EY member ﬁrms are able to conclude from several years of research of ESG reporting that there is a global trend toward increased interest in nonﬁnancial information on the part of investment professionals. But the question we continue to seek to answer is whether ESG information is, ultimately, inﬂuencing investor decisions. In each of the last three years, research undertaken by EY has documented an expanding role of ESG factors in the decision making of investors around the world.
· Investors around the world reveal broad support for the ESG-related themes expressed in the February 2016 memo from Laurence Fink, Chairman and CEO of BlackRock, to the leadership of the world’s largest companies. Investors strongly support Fink’s call for an annual board approved strategy statement for public companies. They agree that ESG factors present risks and opportunities that have been neglected for too long. Yes, say investors, sustainable returns require a sharper focus on corporate governance and on environmental and social factors.

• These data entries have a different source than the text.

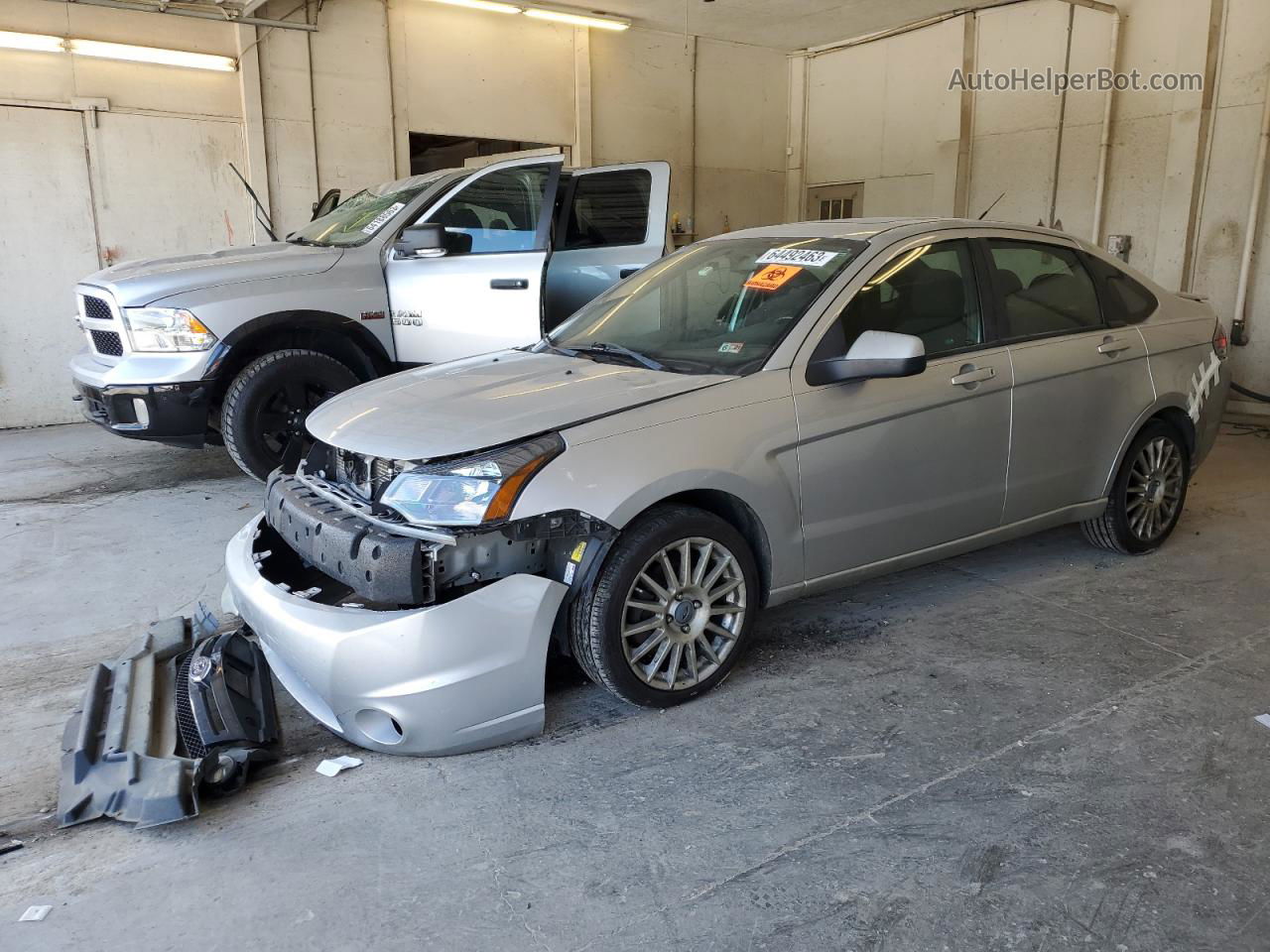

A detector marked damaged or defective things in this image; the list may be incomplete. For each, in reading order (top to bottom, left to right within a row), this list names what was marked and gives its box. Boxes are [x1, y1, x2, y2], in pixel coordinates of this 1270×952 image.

damaged front end [60, 619, 278, 825]
detached front bumper [224, 516, 572, 754]
damaged front end [224, 438, 619, 758]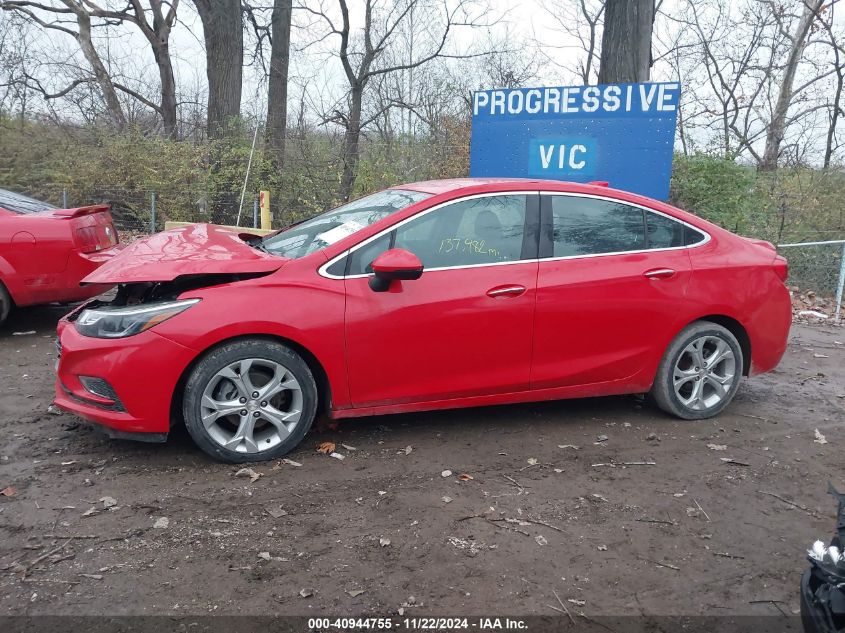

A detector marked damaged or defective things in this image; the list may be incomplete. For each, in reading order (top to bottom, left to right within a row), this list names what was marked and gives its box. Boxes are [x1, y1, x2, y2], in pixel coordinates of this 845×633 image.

damaged front end [796, 484, 844, 632]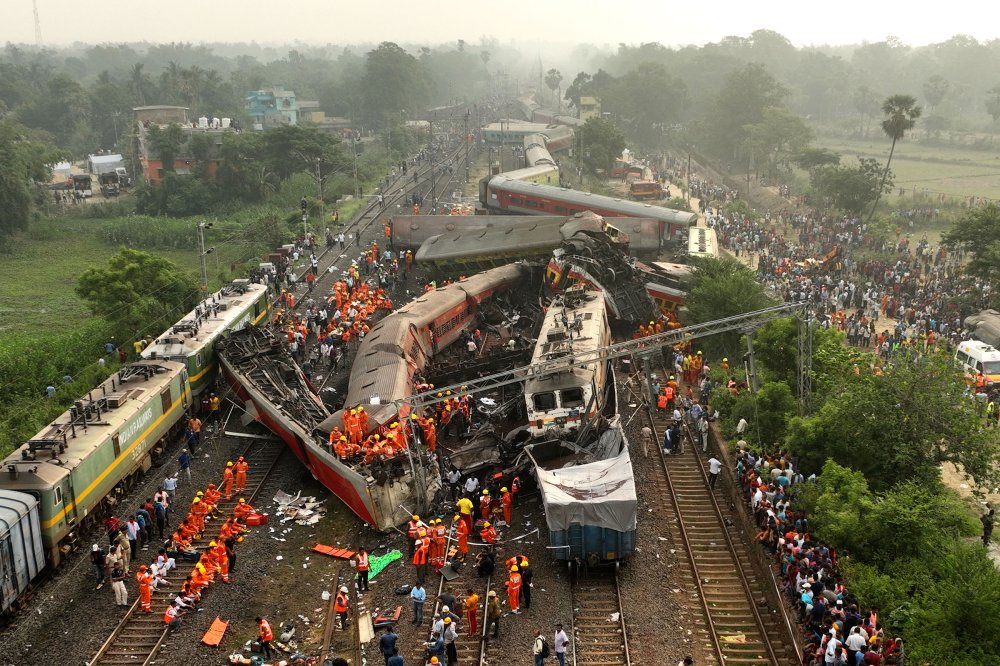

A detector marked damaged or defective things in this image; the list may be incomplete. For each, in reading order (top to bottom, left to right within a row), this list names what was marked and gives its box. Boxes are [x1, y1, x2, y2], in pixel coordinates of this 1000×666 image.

bent overhead line pole [396, 300, 804, 410]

· The risk of stranded assets remains a substantive concern for institutional investors, continuing a trend documented in last year’s report. More than 60% of the investors in our 2016 survey reported recently decreasing their holdings or monitoring holdings closely due to stranded asset risk.

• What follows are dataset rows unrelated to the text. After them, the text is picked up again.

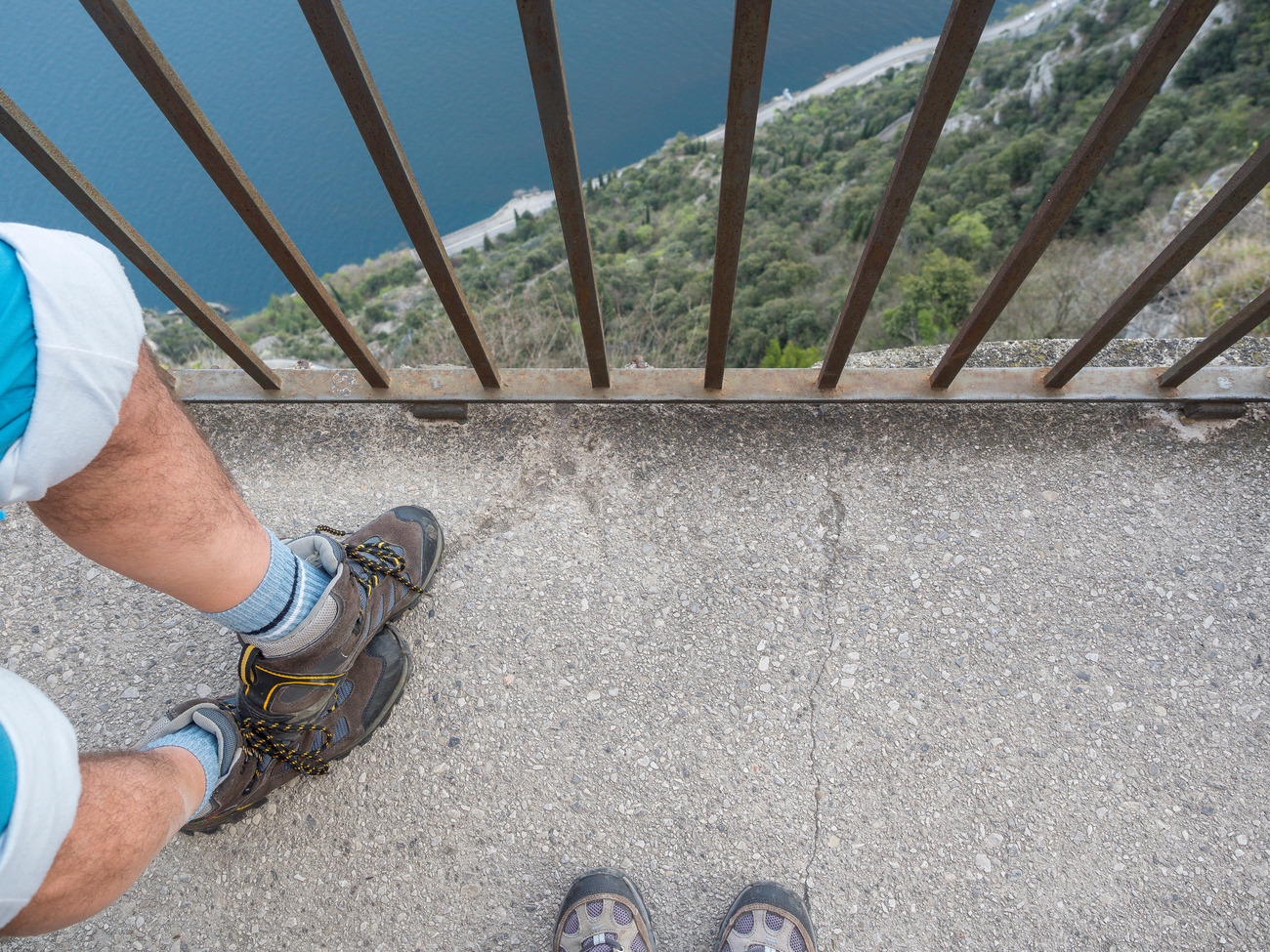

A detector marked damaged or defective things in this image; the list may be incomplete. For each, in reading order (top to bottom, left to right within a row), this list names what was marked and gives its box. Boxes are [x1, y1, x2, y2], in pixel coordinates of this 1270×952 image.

rust stain on metal [80, 0, 386, 391]
rusty metal railing [0, 0, 1264, 406]
rust stain on metal [818, 0, 995, 391]
rust stain on metal [934, 0, 1219, 391]
crack in concrete [802, 426, 853, 908]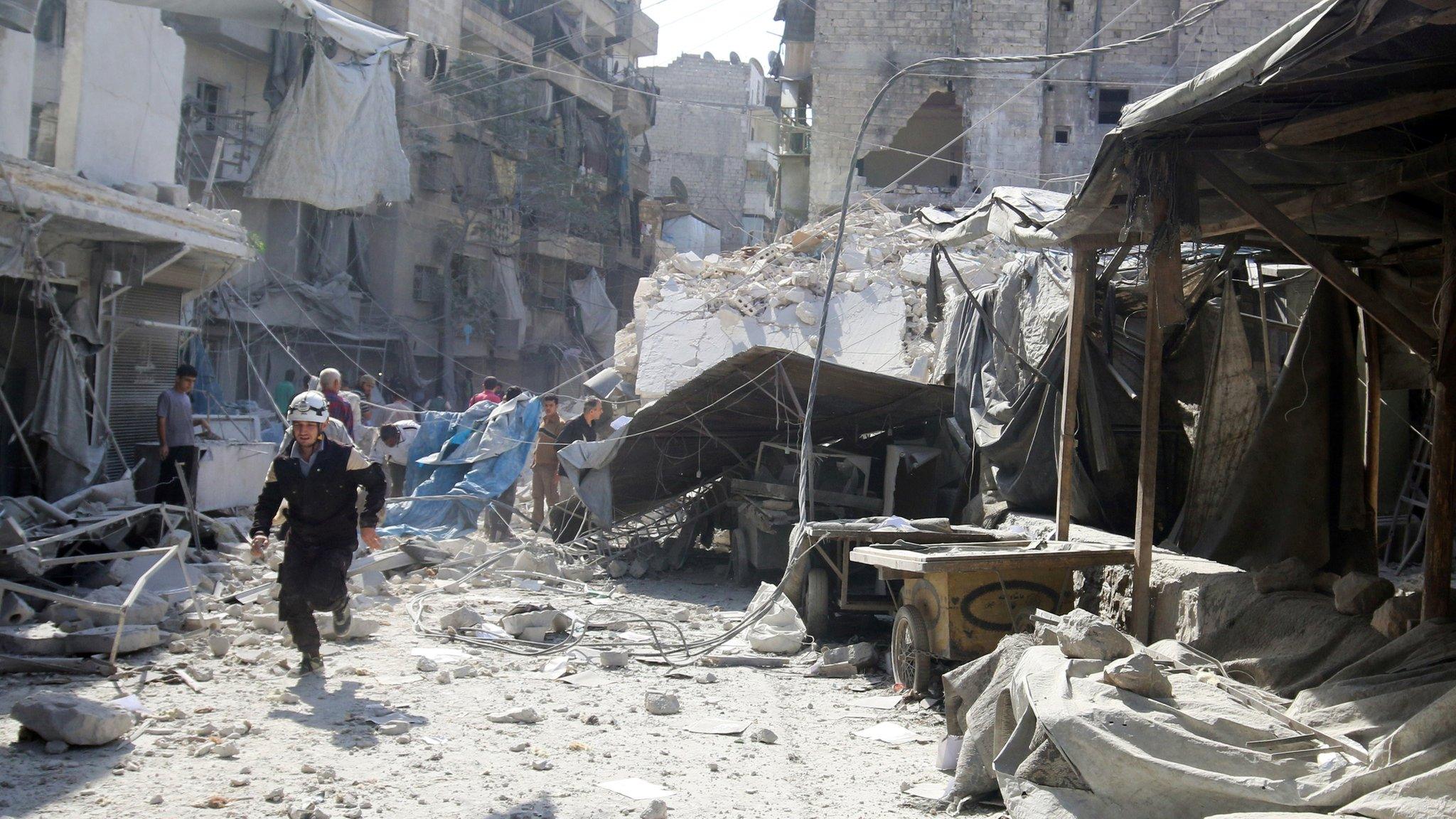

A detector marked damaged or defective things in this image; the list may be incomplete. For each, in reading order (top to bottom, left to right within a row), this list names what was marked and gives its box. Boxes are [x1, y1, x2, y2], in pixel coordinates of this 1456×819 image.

torn awning [112, 0, 410, 56]
multi-story damaged building [646, 53, 779, 252]
multi-story damaged building [779, 0, 1314, 216]
torn awning [594, 346, 956, 518]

· Despite the increasing importance placed on nonﬁnancial performance and disclosures, most of the surveyed investors evaluate environmental and social factors on an informal, not structured, basis
· Disclosure and scrutiny of nonﬁnancial information will continue to grow in importance in the years ahead. The Paris Climate Conference agreement will lead to an increase in disclosures about companies’ climate practices and risk management strategies, say investors. They report that recent environmental and social scandals have driven them to reevaluate nonﬁnancial disclosures and look more closely at available information.
· Nonﬁnancial performance plays a pivotal role in the investment decisions for most of the surveyed investors, and for a greater percentage of investors than in previous years. Also, a dwindling percentage of investors believe that it is unclear whether nonﬁnancial disclosures are material, down substantially from surveys in 2015 and 2013.
· Investors believe the biggest factors motivating companies to report ESG information are the reputation of companies with their customers and regulatory compliance mandates. Most investors believe that companies don’t disclose ESG risks that could affect their business.